### Work request
When you copy the data, keep every word exactly as it is and leave the pictures out.
(Data provided begins)
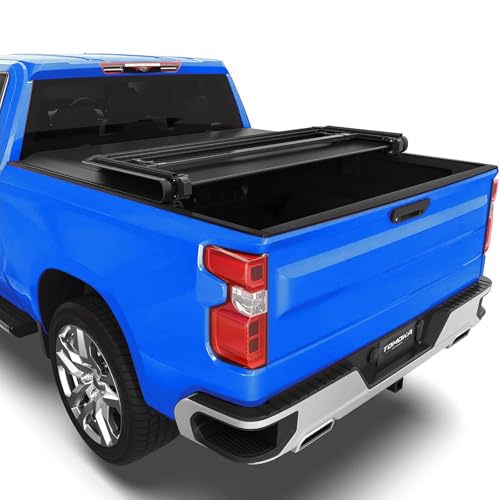 TOMOKA Soft Tri-fold Truck Bed Tonneau Cover Compatible for 5.8 FT 2019-2025 Chevy Silverado GMC Sierra 1500 w/o Multi-Flex Tailgate
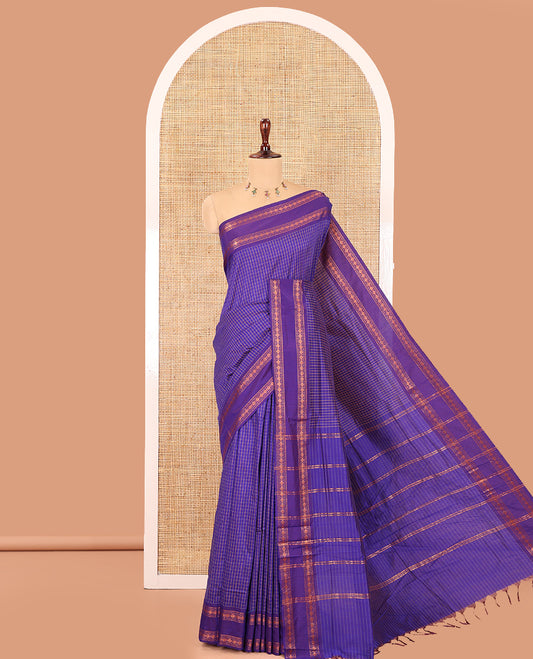 Royal Blue Checked Kalyani Cotton Saree, Contrast Rettai Pettu Rudraksham Border and a Matching Blouse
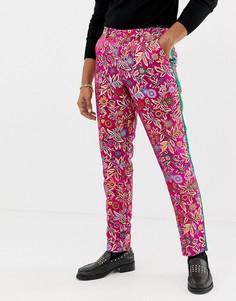 Розовые жаккардовые облегающие брюки для смокинга ASOS EDITION - Розовый
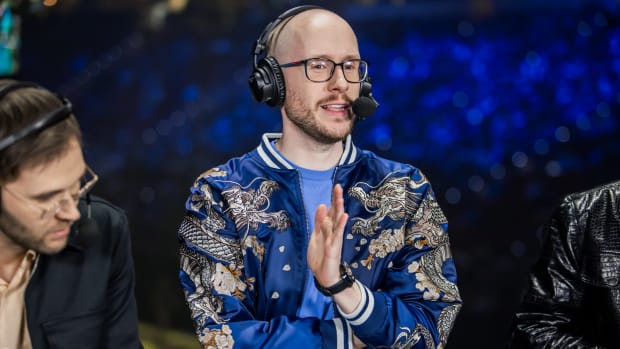 Esports caster Isaac "Azael" Cummings-Bentley speaks during the 2023 LCS Spring Finals at the PNC Arena on April 9, 2023. (Photo by Marv Watson/Riot Games)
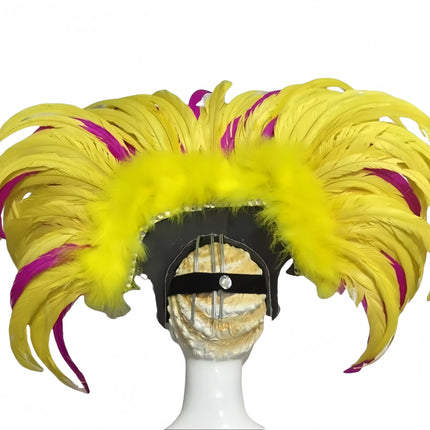 Feather headdress samba costume carnival halloween party bar performance hat makeup dance wings parade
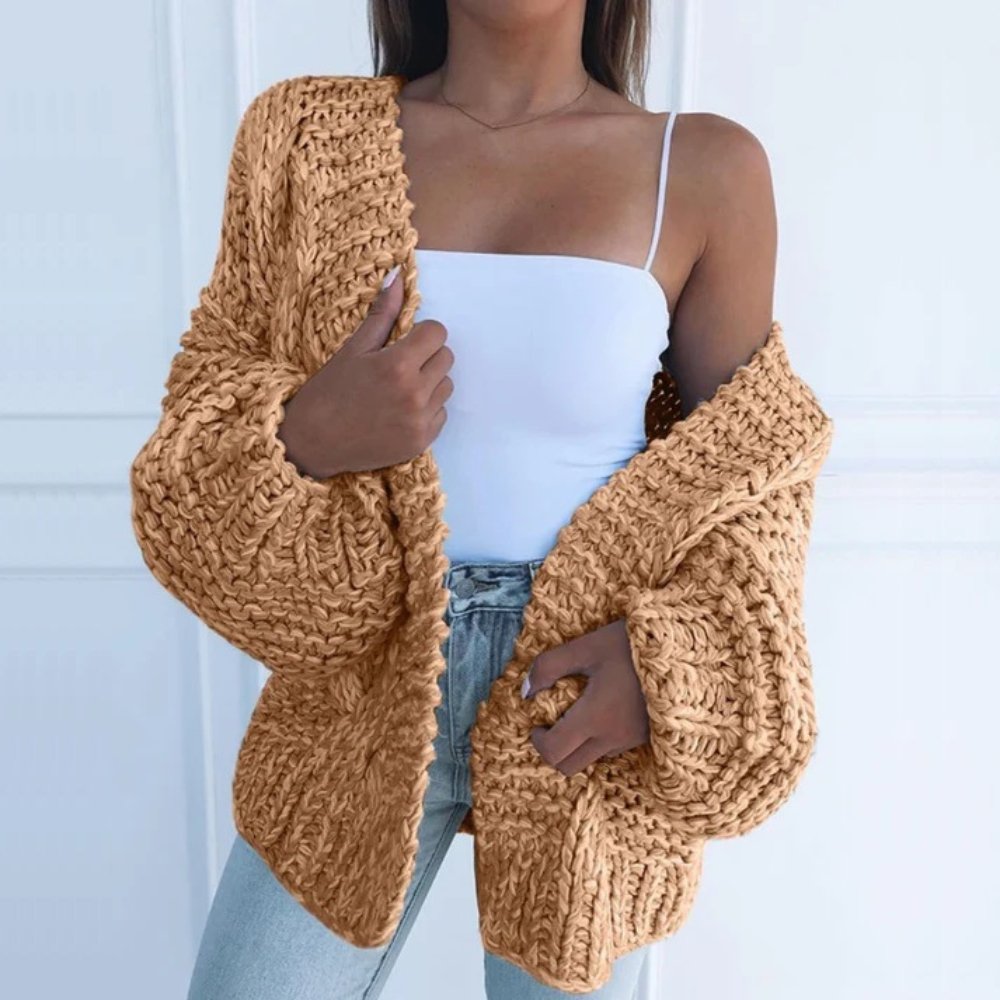 Women's black chunky knit cardigan open front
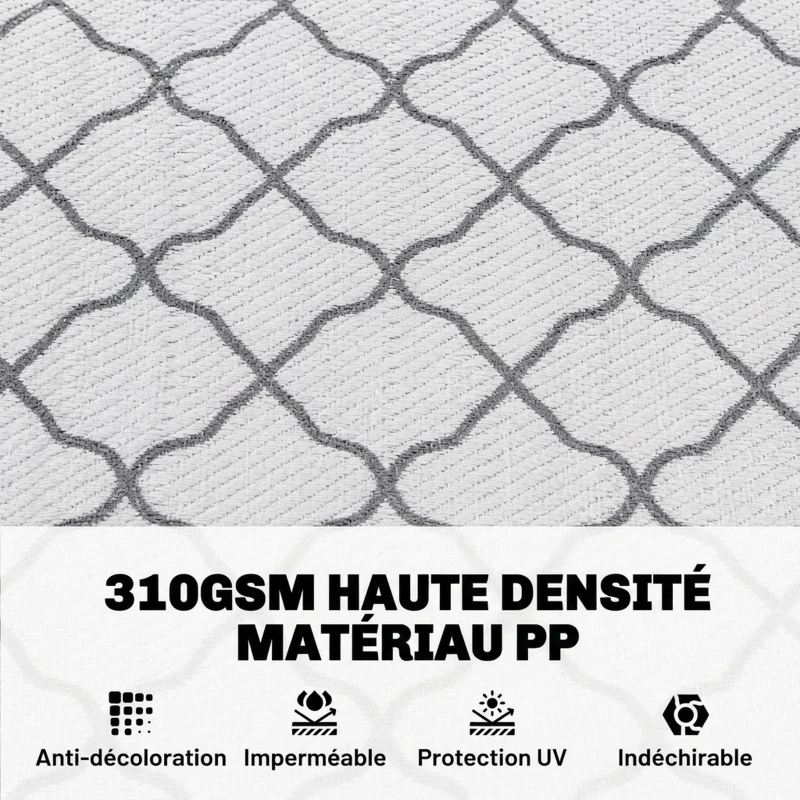 Outsunny Tapis d'extérieur tapis réversible dim. 2,74L x 1,82l m - PP Haute densité 310 g/m² Gris et blanc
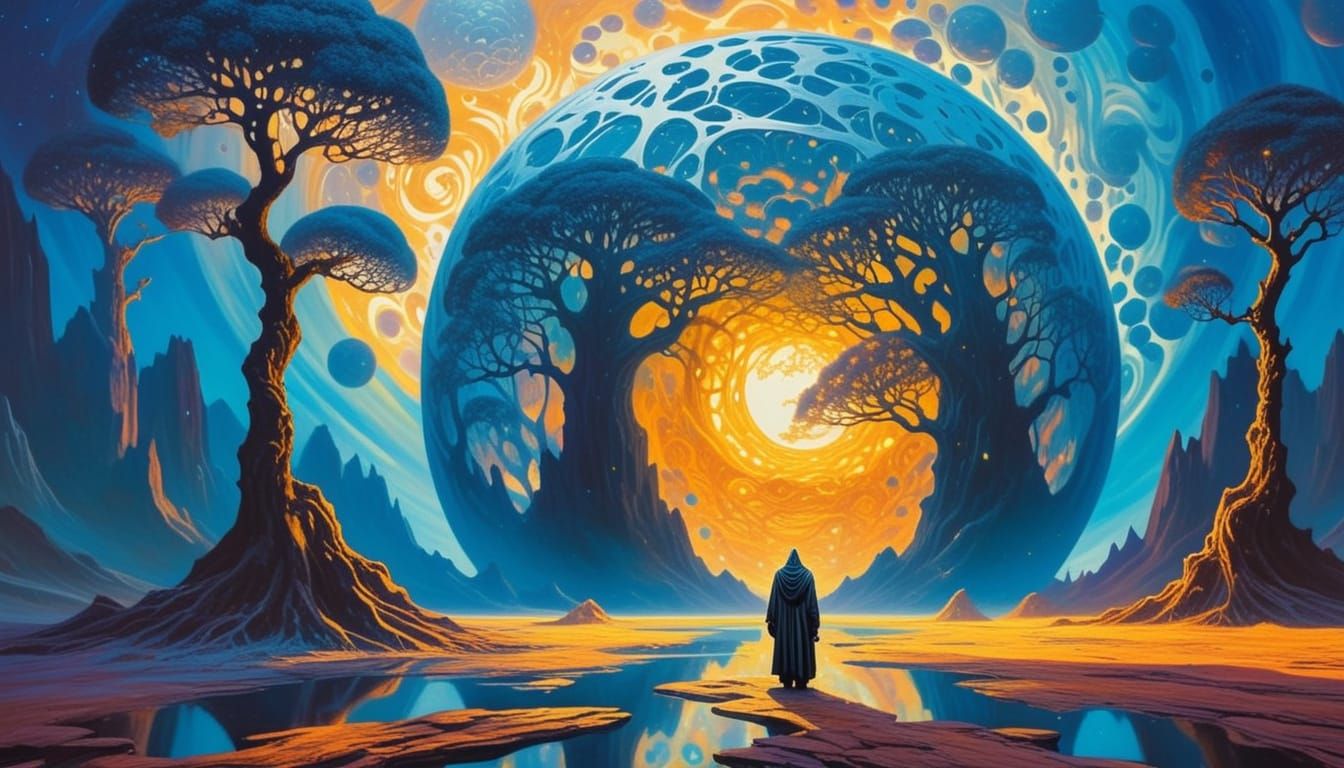 Cloaked Figure Gazing at Crystal Sphere in Expressionist Oil...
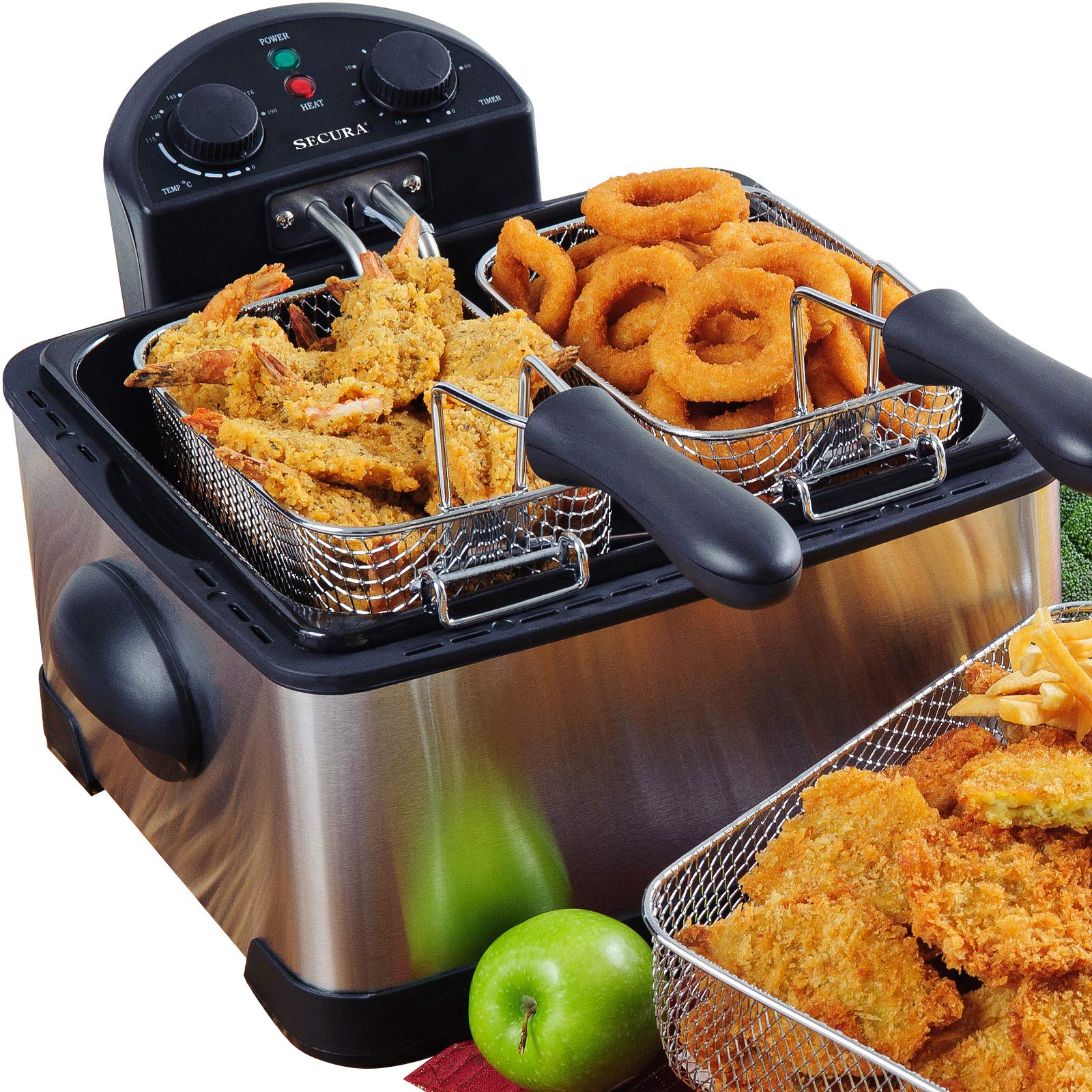 Secura 1700-Watt Edelstahl-Fritteuse mit Dreifachkorb und Timer, inklusive zusätzlichem Geruchsfilter, 4L/17-Tassen, Silber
(Data provided ends)
### Task result
 TOMOKA Soft Tri-fold Truck Bed Tonneau Cover Compatible for 5.8 FT 2019-2025 Chevy Silverado GMC Sierra 1500 w/o Multi-Flex Tailgate
 Royal Blue Checked Kalyani Cotton Saree, Contrast Rettai Pettu Rudraksham Border and a Matching Blouse
 Розовые жаккардовые облегающие брюки для смокинга ASOS EDITION - Розовый
 Esports caster Isaac "Azael" Cummings-Bentley speaks during the 2023 LCS Spring Finals at the PNC Arena on April 9, 2023. (Photo by Marv Watson/Riot Games)
 Feather headdress samba costume carnival halloween party bar performance hat makeup dance wings parade
 Women's black chunky knit cardigan open front
 Outsunny Tapis d'extérieur tapis réversible dim. 2,74L x 1,82l m - PP Haute densité 310 g/m² Gris et blanc
 Cloaked Figure Gazing at Crystal Sphere in Expressionist Oil...
 Secura 1700-Watt Edelstahl-Fritteuse mit Dreifachkorb und Timer, inklusive zusätzlichem Geruchsfilter, 4L/17-Tassen, Silber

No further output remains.